At Nex Cubed, we deal with pre-seed founders who are heavy on vision, but short on traction. So how do you fundraise and pitch your big idea with some credibility?

One metaphor that I have been using to shape these pitches has been “Cheat at a Maze.”

Most normal people start a maze at the start, and then try and intelligently meander their way to the finish. It is considered cheating to start at the finish and then work backwards. 

Worse still, it is considered sacrilege to:

  1. Begin at the finish

  2. Return to the start 

  3. Meet in the middle 

But that’s exactly what you should do as a founder when you’re pitching – be a maze cheater.

To bring this analogy home, as a founder, let’s break this into 3 parts:

Begin at the Finish

Tell us the story of the big picture. Go big. Be bold. Sell us on the world as you think it can be. 

As an investor, we need to understand that there is potential for your company to return 100 times the investment you are currently seeking. This is because this is what institutional investors sell to their investors, or limited partners. The common phrase thrown around by almost every VC is something to the effect of, “We seek companies that can return the fund.” This means you are pitching an investor with a $100M fund, they hope that their one investment in you can return $100M from you alone – and that’s a tall order and they’ve promised it to their investors. 

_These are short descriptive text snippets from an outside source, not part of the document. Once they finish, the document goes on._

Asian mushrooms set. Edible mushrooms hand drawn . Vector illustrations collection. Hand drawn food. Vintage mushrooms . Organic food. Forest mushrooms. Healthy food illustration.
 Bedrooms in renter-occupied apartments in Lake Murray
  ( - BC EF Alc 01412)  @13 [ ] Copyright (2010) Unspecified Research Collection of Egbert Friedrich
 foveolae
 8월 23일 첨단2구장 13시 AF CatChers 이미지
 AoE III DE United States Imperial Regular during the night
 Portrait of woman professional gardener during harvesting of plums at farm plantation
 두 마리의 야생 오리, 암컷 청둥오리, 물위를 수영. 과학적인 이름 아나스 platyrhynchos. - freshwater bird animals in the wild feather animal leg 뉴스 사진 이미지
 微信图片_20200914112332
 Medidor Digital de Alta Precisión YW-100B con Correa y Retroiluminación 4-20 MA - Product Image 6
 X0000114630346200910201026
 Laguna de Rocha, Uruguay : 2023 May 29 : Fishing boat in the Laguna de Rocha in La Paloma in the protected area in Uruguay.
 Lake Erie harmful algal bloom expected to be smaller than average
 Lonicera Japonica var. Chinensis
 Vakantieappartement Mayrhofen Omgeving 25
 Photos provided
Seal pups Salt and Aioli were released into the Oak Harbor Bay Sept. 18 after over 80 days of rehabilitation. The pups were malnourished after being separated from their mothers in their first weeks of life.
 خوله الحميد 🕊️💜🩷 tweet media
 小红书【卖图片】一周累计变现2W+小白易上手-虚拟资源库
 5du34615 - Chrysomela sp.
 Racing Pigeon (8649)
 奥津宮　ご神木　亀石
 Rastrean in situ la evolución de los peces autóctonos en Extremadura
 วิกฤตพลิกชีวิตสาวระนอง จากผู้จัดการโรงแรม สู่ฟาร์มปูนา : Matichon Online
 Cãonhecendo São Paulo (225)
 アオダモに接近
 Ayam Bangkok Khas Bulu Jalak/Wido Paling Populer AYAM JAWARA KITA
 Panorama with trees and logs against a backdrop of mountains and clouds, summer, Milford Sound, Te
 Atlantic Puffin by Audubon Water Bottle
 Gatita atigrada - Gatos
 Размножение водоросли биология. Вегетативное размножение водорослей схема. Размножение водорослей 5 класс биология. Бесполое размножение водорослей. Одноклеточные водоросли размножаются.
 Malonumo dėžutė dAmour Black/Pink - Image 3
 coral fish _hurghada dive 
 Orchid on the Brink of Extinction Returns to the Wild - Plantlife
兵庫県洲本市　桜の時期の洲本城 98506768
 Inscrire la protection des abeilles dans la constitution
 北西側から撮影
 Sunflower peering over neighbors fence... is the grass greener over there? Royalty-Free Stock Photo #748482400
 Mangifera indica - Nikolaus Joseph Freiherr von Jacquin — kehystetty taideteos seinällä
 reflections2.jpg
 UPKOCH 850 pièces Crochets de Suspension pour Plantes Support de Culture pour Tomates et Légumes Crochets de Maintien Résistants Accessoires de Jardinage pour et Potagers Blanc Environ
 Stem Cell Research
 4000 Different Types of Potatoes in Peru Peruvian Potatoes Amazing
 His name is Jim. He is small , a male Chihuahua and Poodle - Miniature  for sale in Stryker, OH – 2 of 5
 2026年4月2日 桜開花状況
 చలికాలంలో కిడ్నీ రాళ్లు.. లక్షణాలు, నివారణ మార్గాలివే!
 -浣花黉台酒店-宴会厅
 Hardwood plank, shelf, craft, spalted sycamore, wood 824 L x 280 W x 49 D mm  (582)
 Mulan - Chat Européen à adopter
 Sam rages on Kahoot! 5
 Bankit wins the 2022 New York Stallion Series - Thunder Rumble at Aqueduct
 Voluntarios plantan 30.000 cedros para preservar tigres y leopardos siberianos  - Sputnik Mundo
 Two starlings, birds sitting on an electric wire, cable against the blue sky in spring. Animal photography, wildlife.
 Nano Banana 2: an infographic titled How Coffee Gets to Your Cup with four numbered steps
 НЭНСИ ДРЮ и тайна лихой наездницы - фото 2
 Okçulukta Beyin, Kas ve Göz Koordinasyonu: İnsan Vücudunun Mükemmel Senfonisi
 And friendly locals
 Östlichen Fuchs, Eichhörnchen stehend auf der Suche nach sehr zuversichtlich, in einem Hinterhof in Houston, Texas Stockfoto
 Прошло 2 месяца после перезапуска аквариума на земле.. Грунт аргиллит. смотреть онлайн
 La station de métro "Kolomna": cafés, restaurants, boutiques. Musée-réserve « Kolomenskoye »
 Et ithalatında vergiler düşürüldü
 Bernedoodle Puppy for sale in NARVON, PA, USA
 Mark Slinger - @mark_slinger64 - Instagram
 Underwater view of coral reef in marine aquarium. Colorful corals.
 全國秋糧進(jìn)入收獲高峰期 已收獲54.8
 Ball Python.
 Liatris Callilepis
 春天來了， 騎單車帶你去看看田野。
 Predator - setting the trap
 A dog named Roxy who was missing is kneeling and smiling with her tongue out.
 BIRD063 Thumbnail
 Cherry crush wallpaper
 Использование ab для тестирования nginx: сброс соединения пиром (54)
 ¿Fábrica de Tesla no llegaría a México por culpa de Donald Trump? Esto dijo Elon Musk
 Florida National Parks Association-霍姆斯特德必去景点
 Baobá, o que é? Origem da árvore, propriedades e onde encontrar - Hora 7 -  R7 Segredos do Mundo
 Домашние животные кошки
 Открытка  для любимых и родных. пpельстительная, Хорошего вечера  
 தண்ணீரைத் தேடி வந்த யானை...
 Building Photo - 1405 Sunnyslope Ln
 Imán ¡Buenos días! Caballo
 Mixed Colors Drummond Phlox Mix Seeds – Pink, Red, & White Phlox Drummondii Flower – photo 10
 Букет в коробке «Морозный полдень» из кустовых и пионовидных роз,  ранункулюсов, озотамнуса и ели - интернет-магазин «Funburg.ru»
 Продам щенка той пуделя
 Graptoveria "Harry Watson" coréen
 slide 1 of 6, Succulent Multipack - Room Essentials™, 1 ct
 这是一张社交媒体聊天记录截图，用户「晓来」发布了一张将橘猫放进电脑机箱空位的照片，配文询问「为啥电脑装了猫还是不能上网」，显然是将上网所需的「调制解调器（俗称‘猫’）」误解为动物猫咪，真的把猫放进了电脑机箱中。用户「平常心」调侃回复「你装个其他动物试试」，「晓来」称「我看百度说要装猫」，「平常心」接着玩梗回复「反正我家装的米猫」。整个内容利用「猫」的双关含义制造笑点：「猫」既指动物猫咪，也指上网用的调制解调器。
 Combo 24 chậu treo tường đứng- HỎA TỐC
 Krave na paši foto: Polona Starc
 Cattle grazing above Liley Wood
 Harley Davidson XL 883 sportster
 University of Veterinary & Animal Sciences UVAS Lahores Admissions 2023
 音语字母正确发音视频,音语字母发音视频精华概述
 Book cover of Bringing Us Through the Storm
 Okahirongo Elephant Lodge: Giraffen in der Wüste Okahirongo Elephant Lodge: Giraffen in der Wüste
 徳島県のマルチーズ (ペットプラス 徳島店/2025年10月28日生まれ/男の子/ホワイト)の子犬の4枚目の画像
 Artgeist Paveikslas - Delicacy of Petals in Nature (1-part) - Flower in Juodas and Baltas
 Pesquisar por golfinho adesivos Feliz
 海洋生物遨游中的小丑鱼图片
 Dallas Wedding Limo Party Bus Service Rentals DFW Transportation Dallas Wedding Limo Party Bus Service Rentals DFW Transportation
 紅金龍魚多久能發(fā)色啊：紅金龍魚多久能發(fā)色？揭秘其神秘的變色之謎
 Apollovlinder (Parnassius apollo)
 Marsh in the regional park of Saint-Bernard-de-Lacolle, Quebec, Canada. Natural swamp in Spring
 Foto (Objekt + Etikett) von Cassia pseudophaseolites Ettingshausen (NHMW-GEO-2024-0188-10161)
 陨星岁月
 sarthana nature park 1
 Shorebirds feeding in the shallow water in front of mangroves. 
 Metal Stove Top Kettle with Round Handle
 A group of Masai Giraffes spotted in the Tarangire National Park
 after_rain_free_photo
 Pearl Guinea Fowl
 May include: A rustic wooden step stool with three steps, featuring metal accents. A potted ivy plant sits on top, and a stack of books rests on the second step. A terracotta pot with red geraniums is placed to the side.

So if you don’t go big in this part of your pitch, then your chances of getting funded go down greatly.

There are lots of examples of this type of vision, and here are a couple from our portfolio companies currently in active fundraises:

  • The one stop shop for brands to create NFTs to drive loyalty (Alphaa.io)

  • Bloomberg for Gen Z (PersonaFi)

Return to the Start

This is where you need to talk about your traction. It’s ok if it’s early or doesn’t feel like a lot after pitching the grand vision. Even if small, it is important that you have offered your product to the public and they have given up something in exchange for your product (See For Traction: Go to the M.A.R.T.).

Speaking for myself, I look for founders who consistently test in public and are not embarrassed or afraid to make inroads with a small audience. They fear their traction is too small and “doesn’t scale,” which is exactly the wrong thought.  Worse still, many founders then over rely on the founder's intuition or vision and they will launch when “we are ready to scale.” They miss the concept that testing small is a requirement to scale. 

Not only is this a commentary on the founder’s bravery and humility, but as an investor, it is a good signal of the capital efficiency and operational discipline I can expect.

Again, some examples of this from our recent portfolio companies’ fundraises:

  • +2436% chat messages over last 90 days (PersonaFi)

  • 20 prototype interviews surprisingly generated 10 customers willing to pay between $2-5 per user (Leagueswype)

Meet in the Middle

This is where we evaluate your business model, fundraise round milestones, and go-to-market. Now with the start and end of the maze established, investors are asking if the founder can connect the dots.

Said more selfishly, I am asking if this founder can get me a markup at the next round? I may like the previous answers for the start and finish of the maze, but if I don’t believe in the path, I’m out.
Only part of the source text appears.